Asia Stocks Slip with U.S. futures – What to Expect
Asian stocks fell on Tuesday. The rally on Wall Street was reduced due to the retreat of U.S. stock futures, While the euro maintained a one-month high as the chances of a July rate rise from the ECB diminished. The Nasdaq futures lost 1.5% after ending more solidly on Monday; Traders blame Snap for the profit warning, which has resulted in Snapchat owner’s shares falling 28%. S&P 500 futures fell 0.9% due to Monday’s 1.8% payout. EUROSTOXX 50 futures fell 0.5%, FTSE 0.6%. MSCI’s broadest Asia-Pacific stock index fell 0.8% in trading outside Japan. The Nikkei fell 0.8%.
Markets took some comfort from U.S. President Joe Biden’s comment; That he is considering tariff cuts on China and promises to stimulate Beijing. Unfortunately, China’s zero Covid-19 policy, with the ensuing shutdown, has already caused significant economic damage. Following the disappointing data on April activity, analysts have downgraded China’s GDP forecast. The global growth forecast is only 0.6% annual in the second quarter. This is the weakest quarter since 2020, after the global financial crisis.
Early polls by European and U.S.-made buyers’ managers for Tuesday to May may show some slowdown in the resilient sector of the global economy. Japan’s manufacturing activity grew at the slowest pace in three months. Amid delivery delays in May, Toyota announced cuts in its production plans.
Asian Stocks
Analysts are also lowering U.S. growth forecasts. The Federal Reserve system seems likely to raise interest rates over the next two months. This week, the christening message should be sent to a host of Fed spokespeople. The minutes of the last policy meeting should take place on Wednesday. The European Central Bank is also more arrogant; The president was surprised when he opened the door to rate hikes as early as July.
The euro stood at $1.0665, up 1.2% overnight in the best session since early March. Now he faces a tough chart resistance around $1.0756. The U.S. dollar also retreated against sterling and various currencies; Thus, the dollar index fell 0.9% overnight. The last fraction was 102,240. Meanwhile, the euro jumped sharply to 136.05 Japanese yen. The U.S. dollar fell slightly to 127.65 yen. The decline in the U.S. dollar helped push gold back to $1,855 an ounce.

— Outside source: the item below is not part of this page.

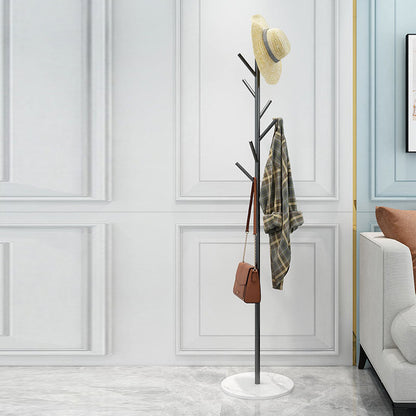 Gorgeous Metal Coat Rack Designer Marble Bottom Coat Rack With Coat Hooks Black White Branches Clearhalo 'Entry & Mudroom Furniture' 'furn' 'furn_hall_tree_coat_racks' 'Furniture' 'Hall Trees & Coat Racks' 'hall_tree_coat_racks' 6040454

Oil prices were placed between concerns over a possible global downturn and higher fuel demand, From the U.S. summer management season and Shanghai plans to resume after a two-month coronavirus shutdown. U.S. crude fell 66 cents; The total was $109.63 per barrel. Brent lost 70 cents to $112.74.
European Shares
On Monday, the pan-European STOXX 60 index fell 0.8%, returning to a 1.3% rally. Eurozone business growth slowed this month. Raw material shortages halted production expansion, according to the Pre-Purchasing Managers Index. This has raised concerns about global growth. Early data showed that Japanese production was expanding at the slowest pace in three months.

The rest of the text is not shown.